It is trite that in an attorney and
own client scale, there is no specific tariff that is applicable and
the Taxing Master will
tax the bill on the basis that the fee is not
unreasonable in all the circumstances. The successful party will be
entitled to claim
all the costs which he/she would not be able to
claim under party and party scale and also under attorney and client
scale. The
successful party is indemnified to the fullest to the
costs he/she was supposed to expend in that litigation.
[17]
In
Aircraft
Completions Centre (pty) Ltd v Rossouw and Others
[2]
Stegmann J said:
“
In terms of Rule
70 (5) (a), it is the Taxing Master to decide whether ‘extraordinary
or exceptional’ circumstances
are or are not present, whether
they have or have not affected the costs incurred by the costs
creditor, and whether strict adherence
to the tariff would or would
not be equitable. When a Judge has made a specific finding that the
party ordered to pay costs (the
costs debtor) has conducted his case
in a manner deserving of the court’s censure by means of a
special order for costs to
be taxed as between attorney and client,
it is generally a strong indicator to the Taxing Master that in the
Judge’s view
the costs debtor has conducted his case in such a
way as to likely to have costs the costs creditor to incur costs that
ought to
have been unnecessary and that may not be recoverable on a
taxation as between party and party. Such finding by the Judge would
therefore often lead the Taxing Master to conclude that the case is
indeed an extraordinary or exceptional one for the purposes
of Rule
70 (5) (a), and that a consideration of the bill of costs will show
that strict adherence to the tariff would be inequitable.
If the
Taxing Master finds that the case is an exceptional or extraordinary
one, and that strict adherence to the tariff would
be inequitable,
his finding will both require and justify the application of the
intermediate basis of taxation in the generous
manner contemplated by
Nel. In such a case, the Taxing Master must address his mind to the
question of the extent to which the
extraordinary or exceptional
nature of the case caused the costs creditor reasonably to incur
extra costs that are not recoverable
on a taxation as between party
and party.
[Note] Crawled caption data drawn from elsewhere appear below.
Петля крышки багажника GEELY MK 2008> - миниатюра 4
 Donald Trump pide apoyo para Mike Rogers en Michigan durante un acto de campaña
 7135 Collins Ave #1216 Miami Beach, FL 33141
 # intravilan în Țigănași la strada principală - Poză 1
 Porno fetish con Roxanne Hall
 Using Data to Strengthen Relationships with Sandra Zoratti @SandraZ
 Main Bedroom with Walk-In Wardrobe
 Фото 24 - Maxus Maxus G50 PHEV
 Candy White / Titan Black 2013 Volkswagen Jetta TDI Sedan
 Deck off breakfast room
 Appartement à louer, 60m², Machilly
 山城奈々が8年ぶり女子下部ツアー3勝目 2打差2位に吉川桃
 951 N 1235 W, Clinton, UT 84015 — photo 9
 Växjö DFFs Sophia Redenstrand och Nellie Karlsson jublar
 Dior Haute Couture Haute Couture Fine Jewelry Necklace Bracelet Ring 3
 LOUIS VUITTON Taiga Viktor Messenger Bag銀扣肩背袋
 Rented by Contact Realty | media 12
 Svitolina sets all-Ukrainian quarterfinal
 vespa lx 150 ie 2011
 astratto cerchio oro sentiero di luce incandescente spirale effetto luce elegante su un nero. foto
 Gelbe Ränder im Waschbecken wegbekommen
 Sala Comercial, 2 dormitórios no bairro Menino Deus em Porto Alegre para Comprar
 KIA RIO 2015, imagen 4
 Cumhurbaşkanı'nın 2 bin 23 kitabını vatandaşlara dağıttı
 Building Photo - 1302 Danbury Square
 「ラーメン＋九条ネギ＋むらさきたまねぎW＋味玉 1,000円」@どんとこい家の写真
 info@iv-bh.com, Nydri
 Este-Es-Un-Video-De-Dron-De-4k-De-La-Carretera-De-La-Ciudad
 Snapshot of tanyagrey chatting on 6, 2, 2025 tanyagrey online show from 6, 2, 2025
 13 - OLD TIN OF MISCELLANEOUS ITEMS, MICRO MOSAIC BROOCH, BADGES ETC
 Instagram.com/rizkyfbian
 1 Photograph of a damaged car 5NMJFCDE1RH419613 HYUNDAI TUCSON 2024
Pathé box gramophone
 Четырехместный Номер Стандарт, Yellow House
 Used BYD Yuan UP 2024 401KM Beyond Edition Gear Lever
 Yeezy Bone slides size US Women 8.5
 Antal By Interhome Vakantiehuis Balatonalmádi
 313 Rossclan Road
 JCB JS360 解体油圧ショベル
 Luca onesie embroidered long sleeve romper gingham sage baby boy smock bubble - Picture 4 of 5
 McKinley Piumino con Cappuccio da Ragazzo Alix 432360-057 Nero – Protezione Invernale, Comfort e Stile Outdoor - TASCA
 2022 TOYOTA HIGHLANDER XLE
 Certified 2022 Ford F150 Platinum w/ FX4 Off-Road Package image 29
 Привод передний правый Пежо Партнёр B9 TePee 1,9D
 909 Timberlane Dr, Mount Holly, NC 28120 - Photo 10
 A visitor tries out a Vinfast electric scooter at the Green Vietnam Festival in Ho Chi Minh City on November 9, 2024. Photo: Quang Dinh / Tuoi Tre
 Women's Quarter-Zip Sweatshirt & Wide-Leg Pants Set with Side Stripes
He will allow those extra costs and will tax them off only
to the extent that there would
otherwise be injustice to the costs
debtor.”
[18]
In taxing an attorney and own client bill, the Taxing Master has
discretion to allow all such
fees and expenses that appears to be
reasonable for the proper attainment of justice or for defending the
rights of any party.
Usually when a client instructs an attorney,
they will have an agreement in relation to the fees payable to the
attorney. The parties
will either agree on an hourly rate or globular
amount. Except where a contingency fee agreement is applicable,
generally the fee
agreed upon is not dependable on the outcome of the
case. Whether the client is successful or not will still be liable to
pay his/her
attorney as per the agreement. If he/she is successful in
his claim or defence, he/she will be entitled to costs on party and
party
scale unless the court in exceptional circumstances award a
punitive costs order against the unsuccessful party.
[19]
In the case at hand the court has awarded a punitive costs order of
attorney and own client against
the respondents. The applicant is
therefore entitled to claim even the costs which it would not have
claimed under party and pay
scale or under attorney and client scale.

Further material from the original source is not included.